It should be noted that this is the only Steely Dan album actually composed with specific band members in mind, arrangements fine-tuned to each player's working methods and abilities. The abilities in question are pretty much limitless, at least if "Bodhisattva" is enough to clue you in; not for nothing does that song kick off the whole deal and push forward the whole notion that these guys aren't just a bunch of slick word-slingers. Of course, the words slung are worthy of noting -- "Bodhisattva" as a tongue-in-cheek eyeroll towards Western Orientalism (dig the intentionally vague, inane conflation "The shine of your Japan/The sparkle of your China"), the money-where-your-mouth-is jousting of "Your Gold Teeth," "King Of The World" and its lonely broadcasting into the void, and "Show Biz Kids" as a bewildered careen through the machinations of the New York-reared writers' adopted West Coast home turf (liner annotations: "The Dan moves to L.A. and is forced to give an oral report"). This is how good they sounded when they were scattershot -- enjoy it while knowing that there's cohesion yet to come.

06

Can't Buy A Thrill (1972)

First there was a so-what single -- 1972's "Dallas" b/w "Sail The Waterway," both denied Greatest Hits throw-in status and Citizen Steely Dan box set enshrinement -- and then, very shortly afterwards, there was The Arrival. It's not out of the question to call Can't Buy A Thrill one of the decade's best debut albums, even in an era where LPs were not only expected to trump singles but be exhaustively comprehensive portfolios in themselves. But the three songs that made the top tier of their repertoire -- "Do It Again," "Dirty Work," and "Reelin' in the Years" -- are bolstered by a bunch of deep cuts that run the gamut from good (the anti-escapist mutant bossa "Only A Fool Would Say That") to staggering (lost souls anthem "Midnite Cruiser"). For a record that holds the weight of so many formative components later lost -- chief amongst them the presence of lead vocalist David Palmer, whose delicately pained warmth on "Dirty Work" is one of the band's most human moments -- everything that comes after Can't Buy A Thrill still feels rooted somewhere in its counterculture-hangover vibe.

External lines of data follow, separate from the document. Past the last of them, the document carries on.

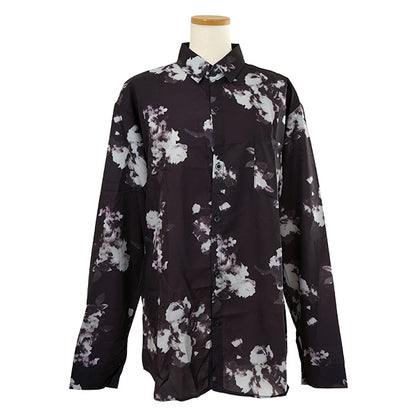 Edgy monochrome floral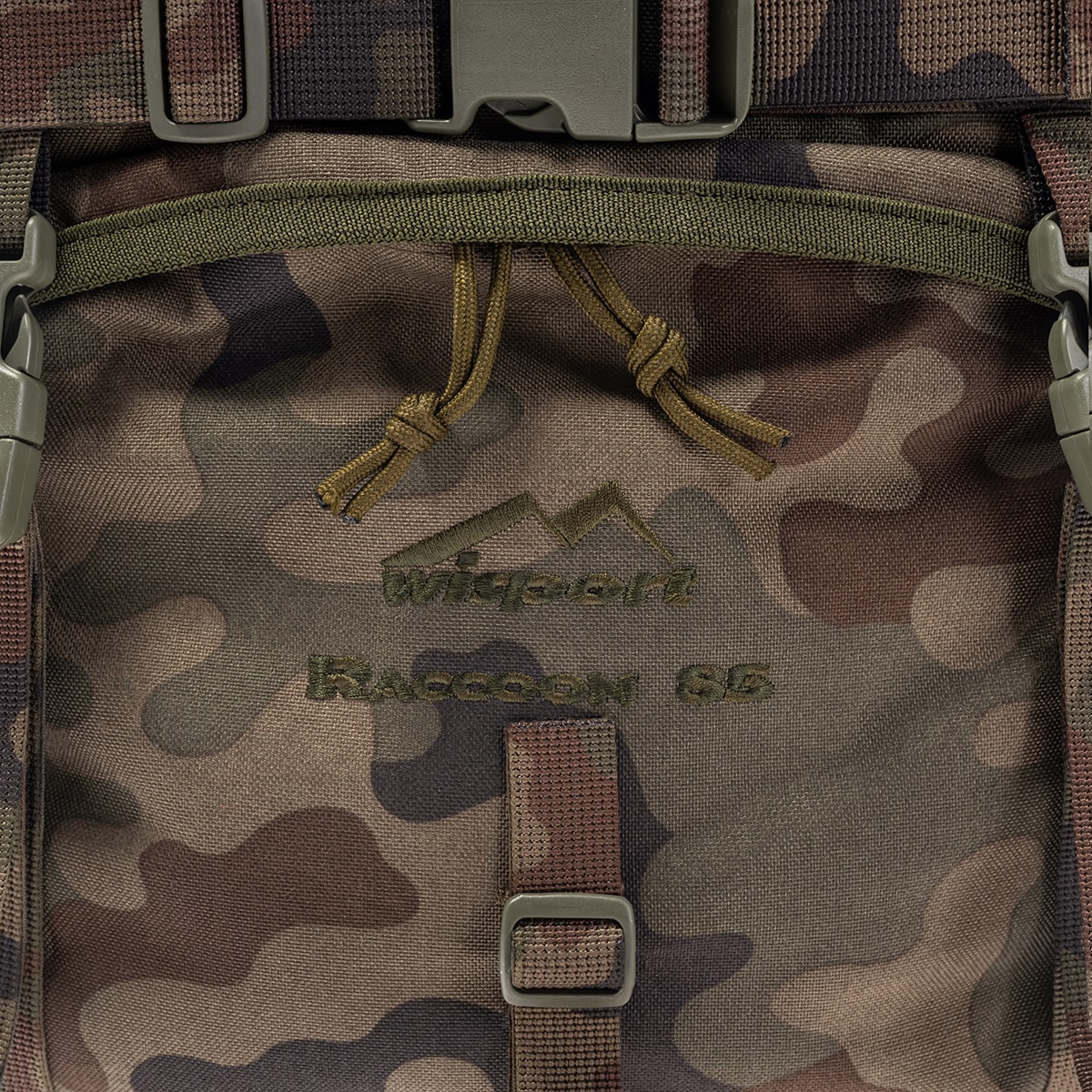 Sac à dos Raccoon 85 L Wisport - wz.93 Pantera PL Woodland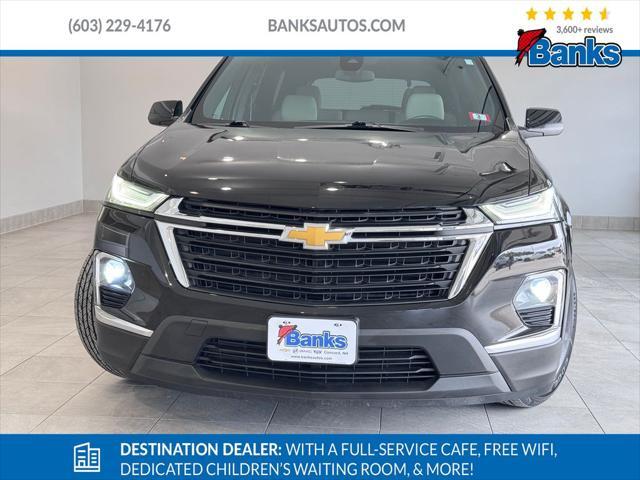 used 2022 Chevrolet Traverse car, priced at $29,487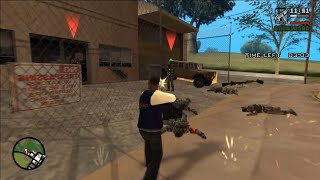 GTA San Andreas DYOM: Explosive Job by Mikul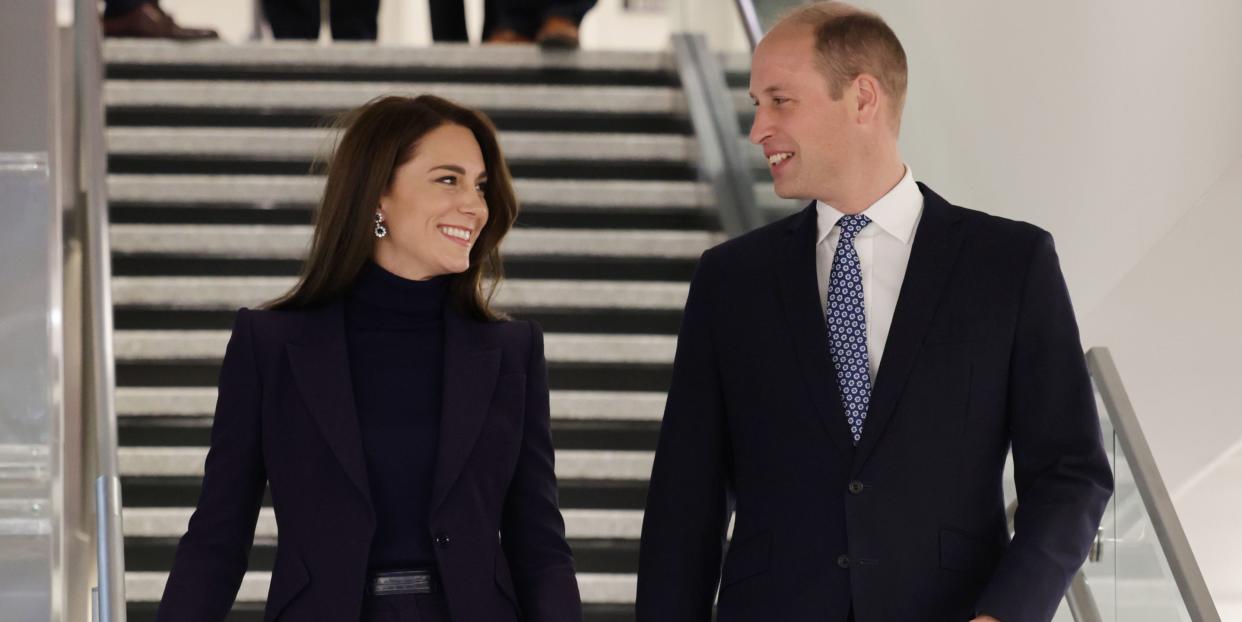 kate middleton prince william america trip 2022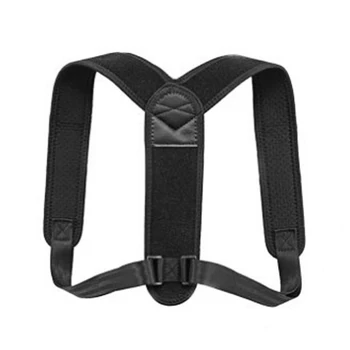 

Men Women Neck Universal Multifunction Shoulder Clavicle Support Upper Back Daily Practical Posture Corrector Adjustable Strap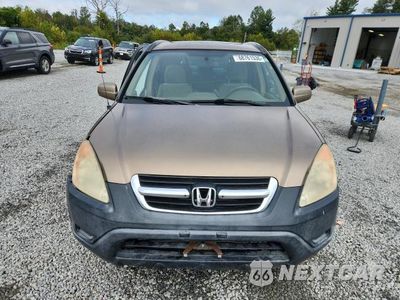 Piąte zdjęcie samochodu w środku: 2004 HONDA CR-V EX VIN:SHSRD78804U222648 - miniatura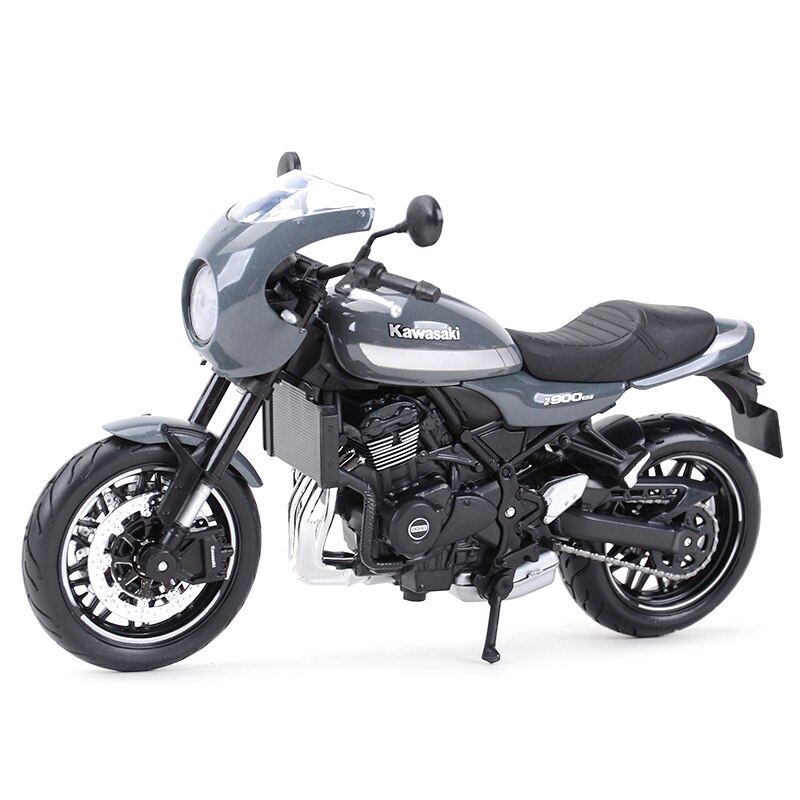 Maisto 1:12 Kawasaki Z900RS Cafe รถหล่อแบบคงที่โมเดลรถจักรยานยนต์ของเล่นงานอดิเรกของสะสม ราคา ถูกที่สุด ดีลบีเคเค แกลเลอรีภาพที่ 8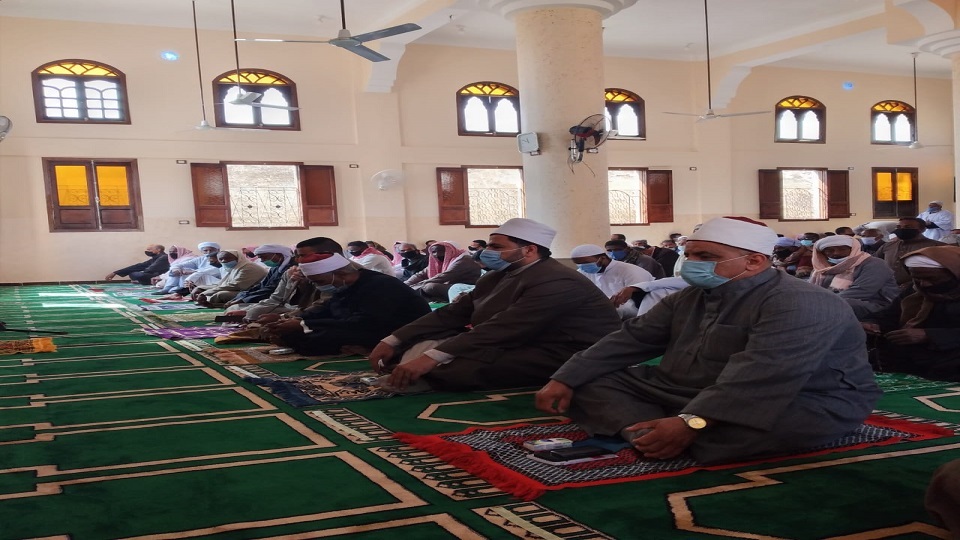 مسجد الشريف اسماعيل بمدينة القصير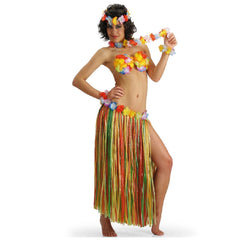 Carnival Toys - Vibrant Hawaii Skirt For Fun Dress Up Play - Pretend Professions And Role Playing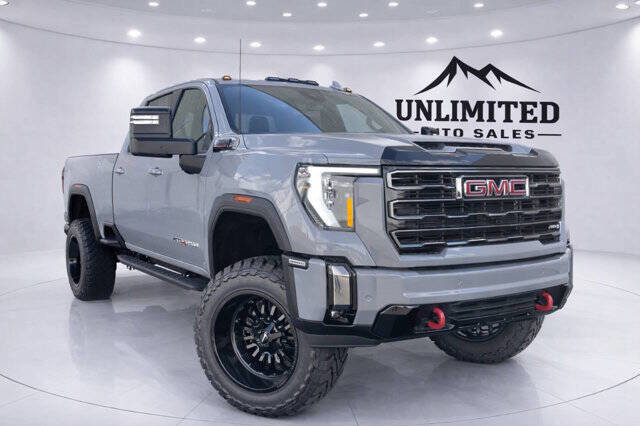 Used 2024 GMC Sierra 3500 AT4 w/ AT4 Premium Plus Package AWD/4WD video 1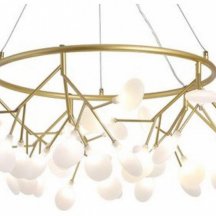 Подвесная люстра Arte Lamp Candy A7272SP-45GO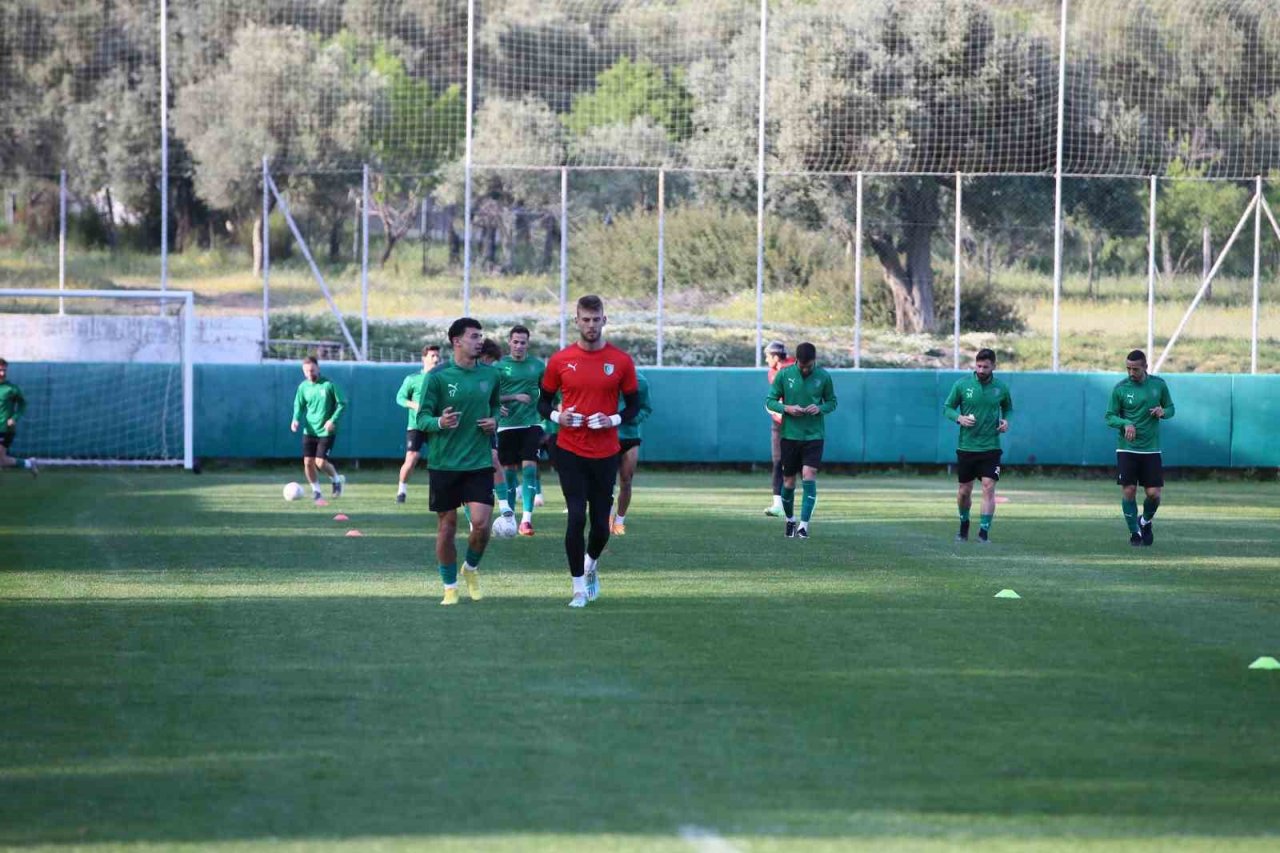 Bodrumspor 3 puana odaklandı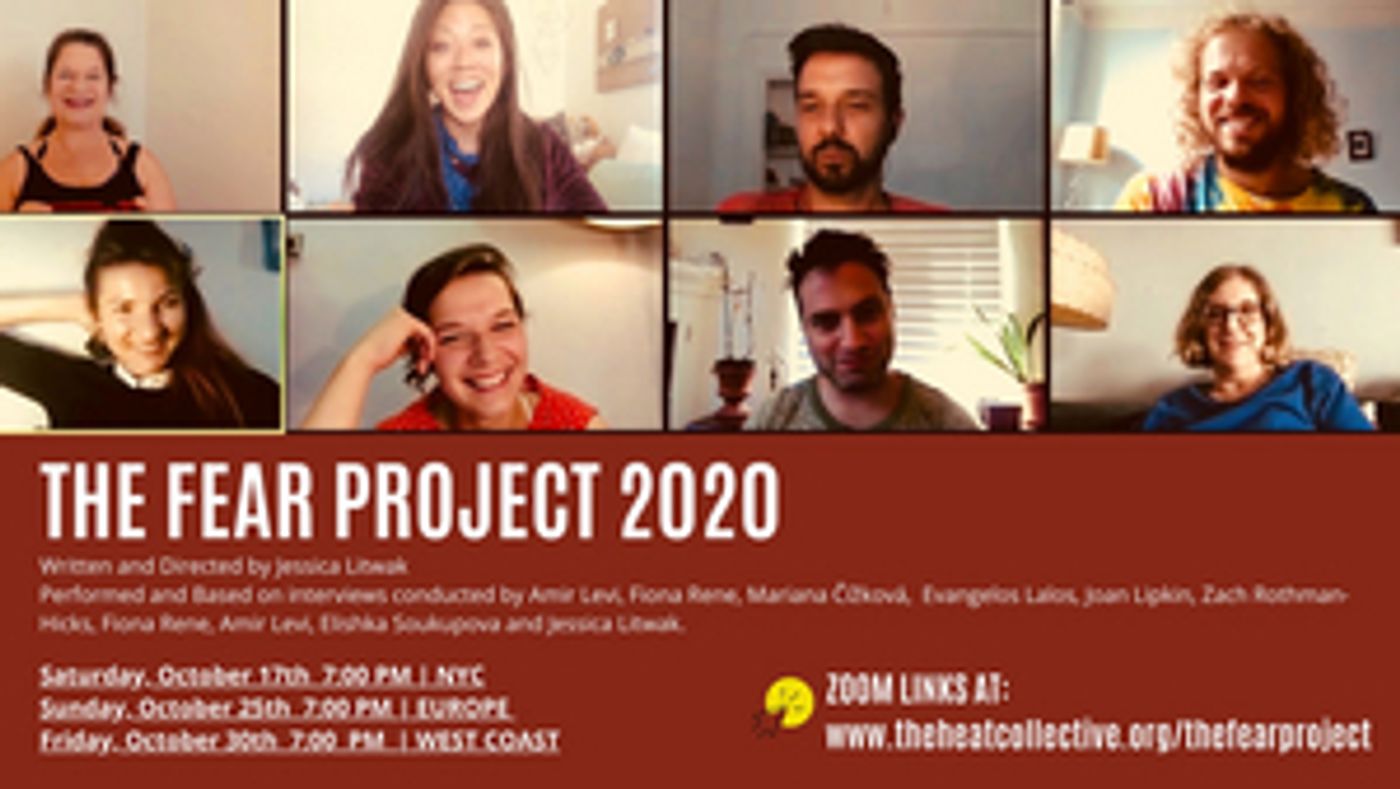 Interview: Playwright and Director Jessica Litwak on THE FEAR PROJECT Interview: Playwright and Director Jessica Litwak on THE FEAR PROJECT Image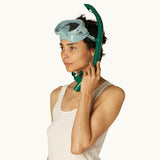 ARIEL SNORKELING SET │ ADULT (+14Y) │ CALILE & OXFORD GREEN
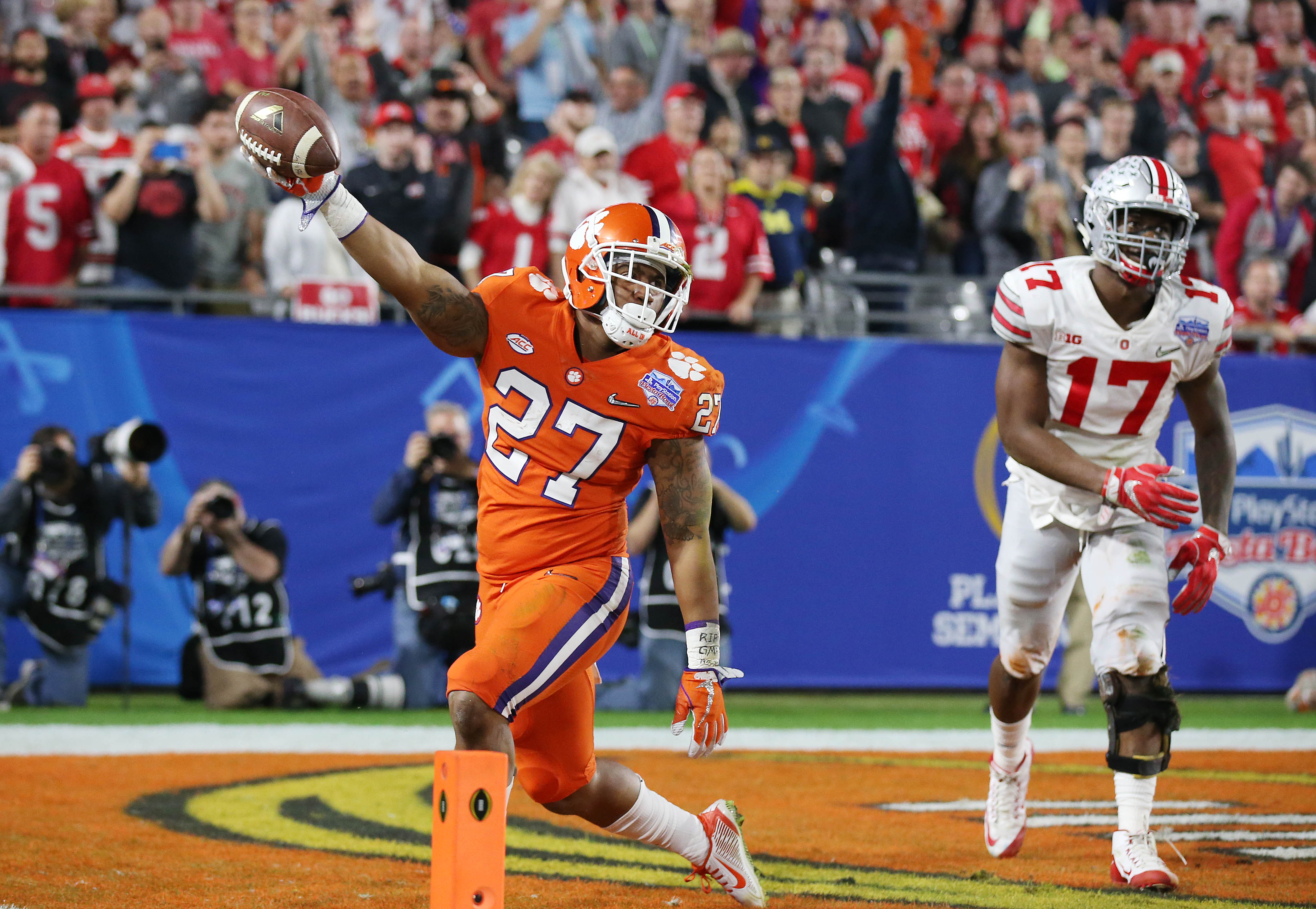 Clemson shop 2016 jersey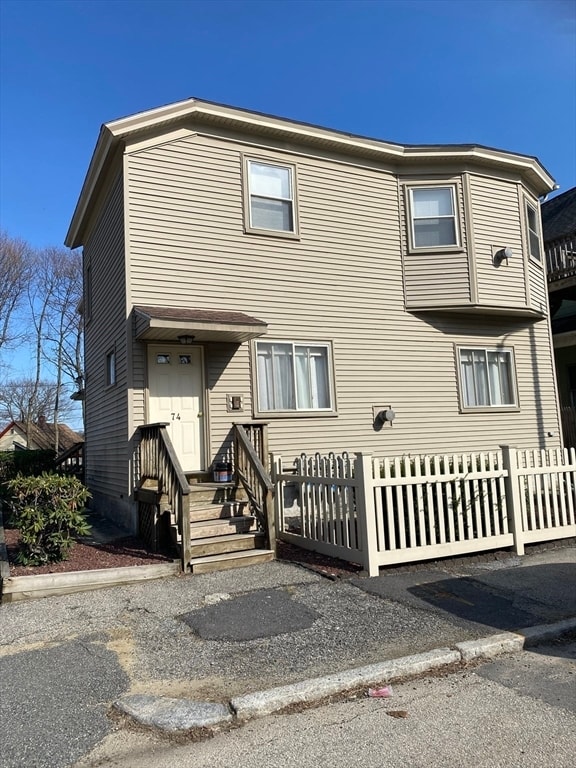 property at 74 Lakewood St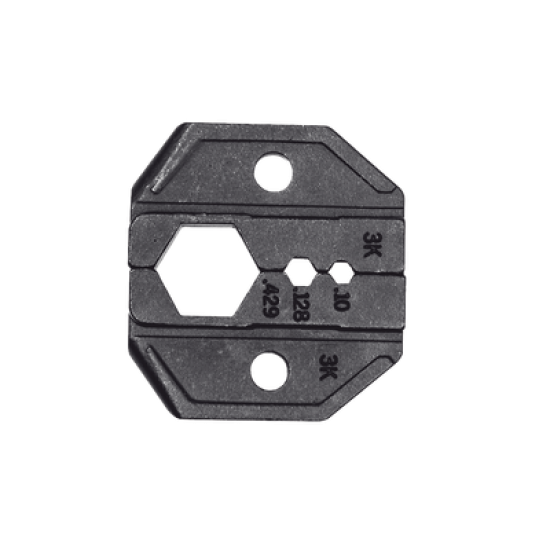 Matriz Ponchadora para Cable coaxial RG8, RG11, RG174, RG179 y RG213. Compatible con Pinza Ponchadora VDV200-010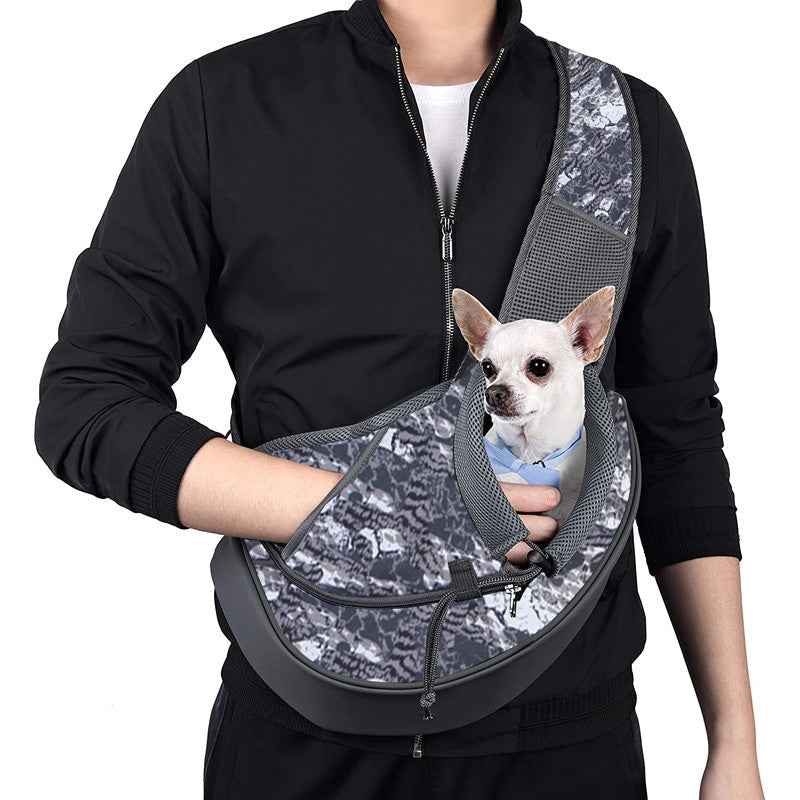 Comfortable Pet Sling Bag with Adjustable Strap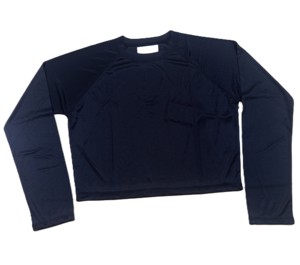 Diseño personalizado Running Sports Camiseta de manga larga para mujer Señoras Niñas - Product Image 4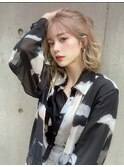 白髪ぼかし系ハイトーンカラー×BYKARTE TR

And while the record's distinct themes of weariness, monomania, and displacement haven't been widely attributed to the Death of the Sixties, it sure reads like it. "Dirty Work" is the upper-middle-class take on free love -- which goes hand-in-hand with surreptitious infidelity and unshakeable guilt ("I foresee terrible trouble/And I stay here just the same"). "Kings" is given the deadpan annotation "No political significance" on the back of the sleeve, but whether or not Good King Richard is Nixon and Good King John is Kennedy, there's no blaming anyone who hears a heartfelt, timely protest in the line "While he plundered far and wide/All his starving children cried/And though we sung his fame/We all went hungry just the same.” ('72 was a memorably feverish election year, after all.) "Do It Again," rendered dizzying and alien and archly beautiful thanks to electric sitar (Denny Dias) and cheapie plastic combo organ (Fagen), is Kipling's "If" turned into Sisyphus clusterfuck, an ellipsis at the end of a sentence about the futility of trying to force change no matter how busted you wind up without it. That, not the innocuous travelin'-man ballad "Dallas,"was their breakthrough single, a bizarro jazz-funk crossover/near-instant standard (see: fusioneer Deodato; Philly soulster Charles Mann; micropress funk obscurities Deep Heat); imagine the context where an ode to recidivism grabs the pulse of a nation and there's your first step to making Steely Dan famous.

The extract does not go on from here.